Israeli tanks enter Gaza

Israeli tanks have entered Gaza after a second Palestinian rocket attack on an Israeli city.

The Israeli cabinet is considering a buffer zone in Gaza

Palestinian officials and witnesses said at least seven tanks, along with armoured personnel carriers, entered the abandoned settlement of Nissanit, one of Israel’s former settlements in northern Gaza, on Wednesday night.

Troops were reported to have earlier taken control of several houses in Bait Hanoun and skirmished with Hamas fighters.

Israel’s cabinet had decided on Wednesday to send the military, which had been carrying out small operations in northern Gaza, deeper into the territory to prevent rocket attacks on southern Israel.

The movement by Israeli forces into Nissanit appeared to be part of that new offensive.

An Israeli military spokeswoman denied tanks had been moved to the former settlement sites in Gaza, but said some armoured vehicles were protecting troops in Bait Hanoun.

Five Israeli tanks and armoured vehicles were seen making their way very slowly into the old settlement while two other tanks took up positions atop a nearby hill as bulldozers built sand embankments around them.

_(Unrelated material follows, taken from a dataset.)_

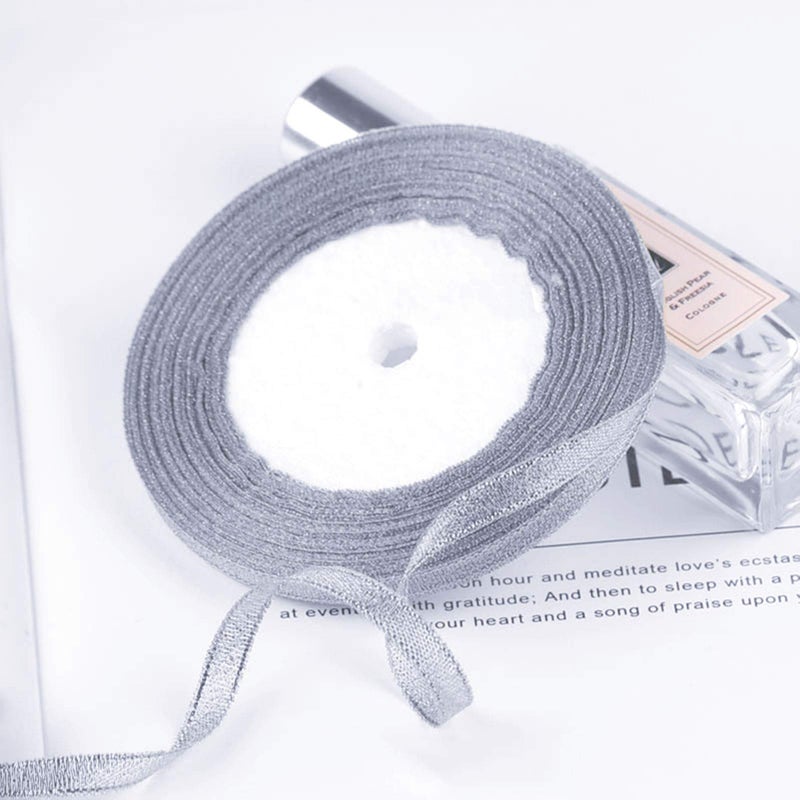 Oubaka 4 Roll Christmas Glitter Metallic Silver Ribbon,Glitter Ribbon for Gift Crafters Wedding Party Birthday Wrap Hair Bows Floral Projects Wrapping Decorations DIY Crafts Arts(1/4inX22m) - Image 4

On Wednesday, one person was injured by a Palestinian rocket that hit Ashkelon, the Zaka service said.

An earlier rocket fired by Hamas hit a vacant schoolyard. There were no casualties in that attack, but it was the first time that a makeshift rocket had reached so far and threatened a large Israeli population centre.

Buffer zone

The Israeli security cabinet on Wednesday discussed establishing a buffer zone in northern Gaza.

A spokesman for Ehud Olmert, the prime minister, denied that the cabinet had approved the formation of such a zone, but officials said ministers had agreed that a standing plan by the army to form a buffer zone could be an effective way to prevent rocket fire.

“Given the abduction and continued ballistic salvoes, including the [rocket] launched at Ashkelon, the rules of the game in dealing with the Palestinian Authority and Hamas must be changed,” a statement from Olmert’s office said.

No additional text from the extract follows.